Exercise goal: Using the data that follows, give again word for word the lines between the one holding "280II Freimarke 12" and the one holding "Seattle Chapter, JACL", inclusive. Omit the pictures.

Data for review:
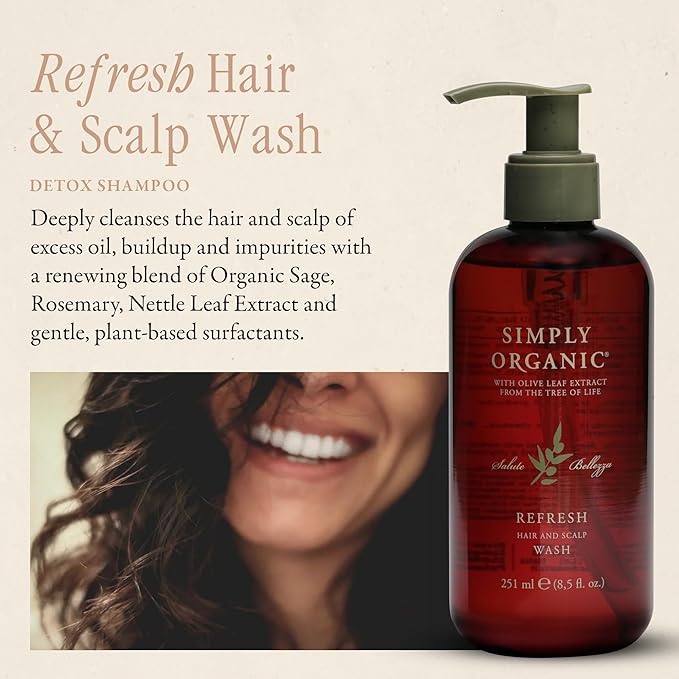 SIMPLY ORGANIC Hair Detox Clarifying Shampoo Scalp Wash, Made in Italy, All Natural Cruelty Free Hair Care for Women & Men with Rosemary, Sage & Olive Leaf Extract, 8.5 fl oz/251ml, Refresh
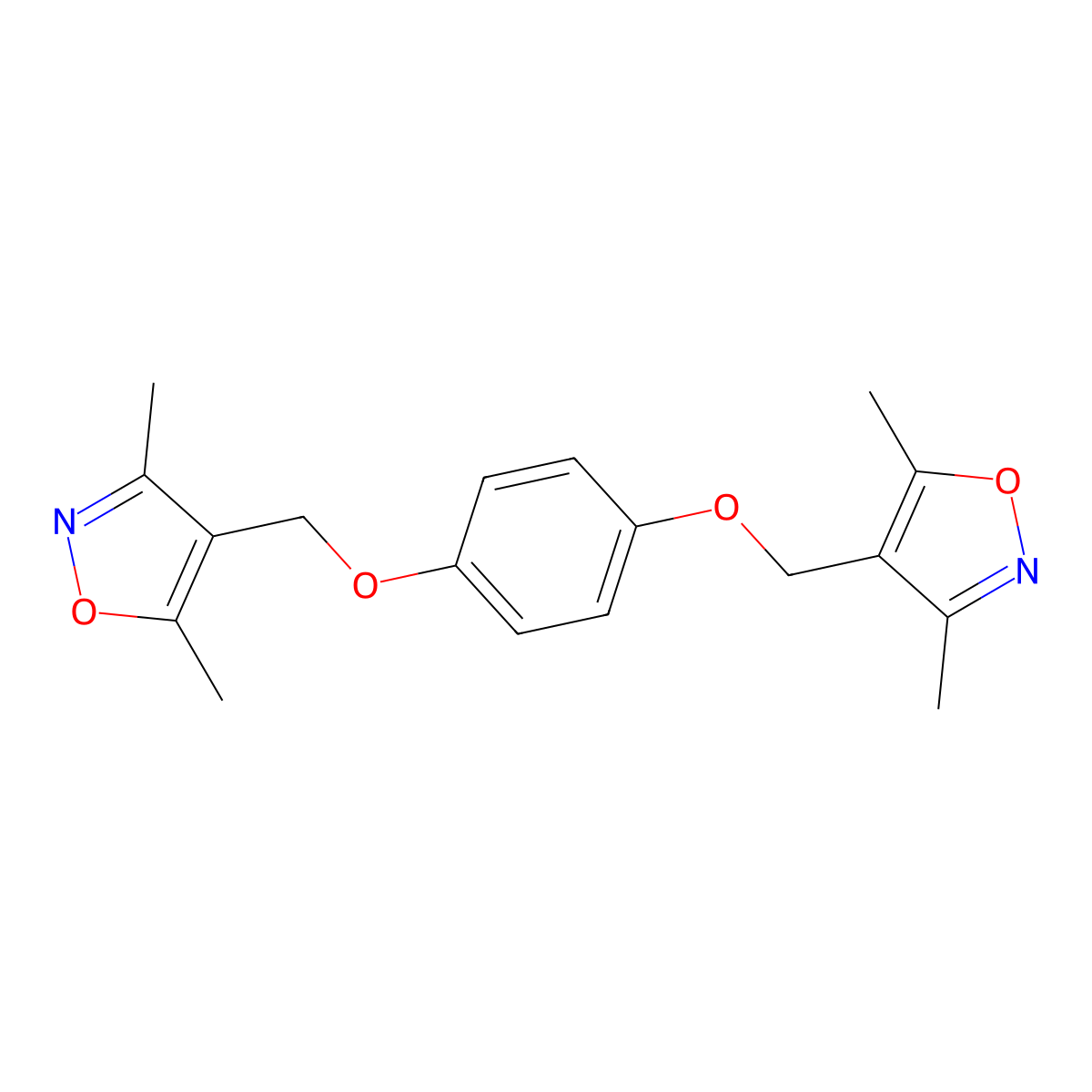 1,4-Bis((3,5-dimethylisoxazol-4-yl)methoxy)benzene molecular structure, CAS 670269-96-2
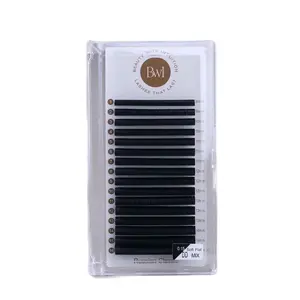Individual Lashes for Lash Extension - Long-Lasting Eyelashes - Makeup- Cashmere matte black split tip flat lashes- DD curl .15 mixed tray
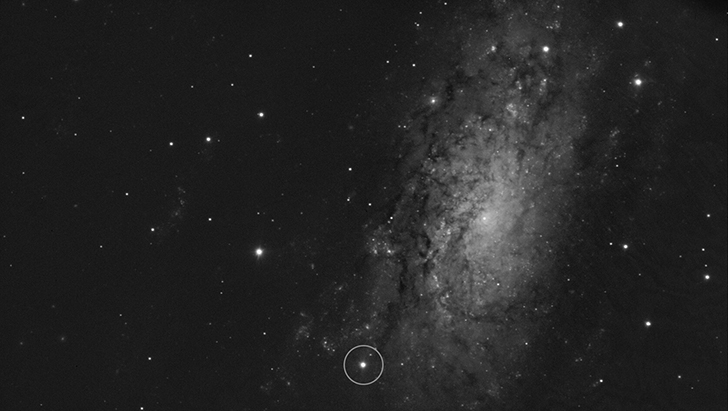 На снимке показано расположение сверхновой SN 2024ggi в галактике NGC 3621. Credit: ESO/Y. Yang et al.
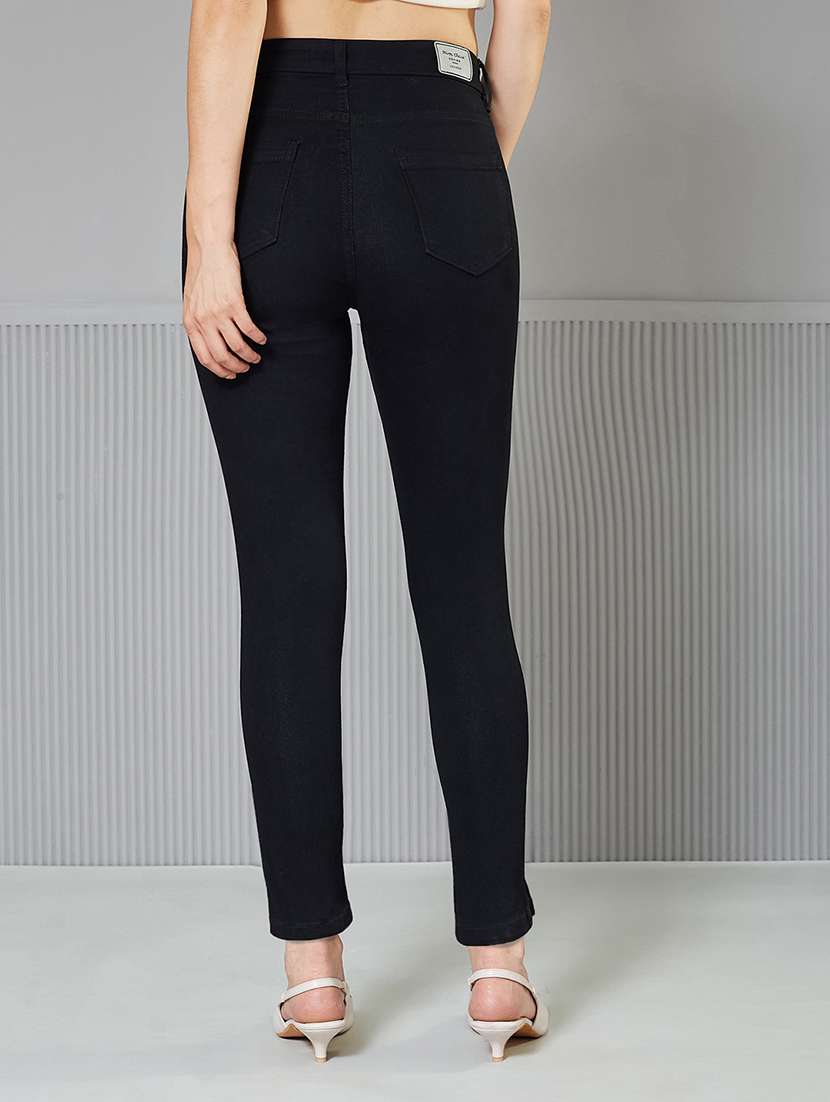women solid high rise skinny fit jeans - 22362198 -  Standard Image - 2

---

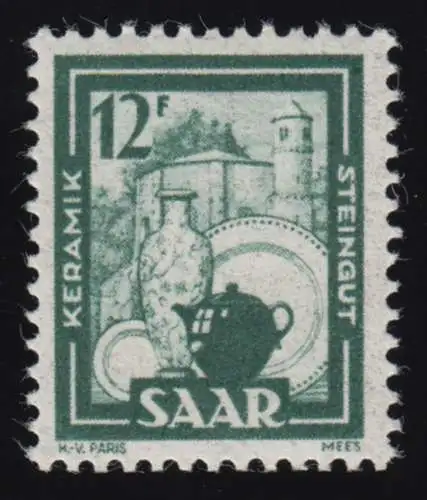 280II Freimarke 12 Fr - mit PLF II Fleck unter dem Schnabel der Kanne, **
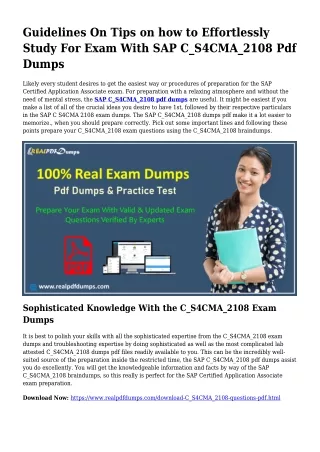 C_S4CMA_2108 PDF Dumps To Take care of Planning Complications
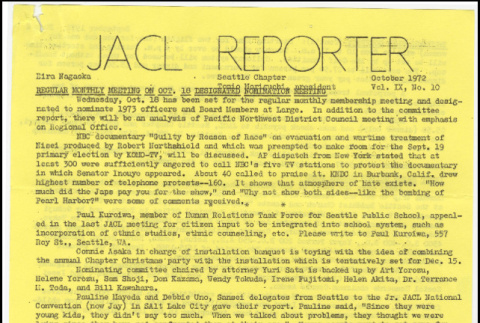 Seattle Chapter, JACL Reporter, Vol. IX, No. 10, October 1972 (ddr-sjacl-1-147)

Written response:
 280II Freimarke 12 Fr - mit PLF II Fleck unter dem Schnabel der Kanne, **
 C_S4CMA_2108 PDF Dumps To Take care of Planning Complications
 Seattle Chapter, JACL Reporter, Vol. IX, No. 10, October 1972 (ddr-sjacl-1-147)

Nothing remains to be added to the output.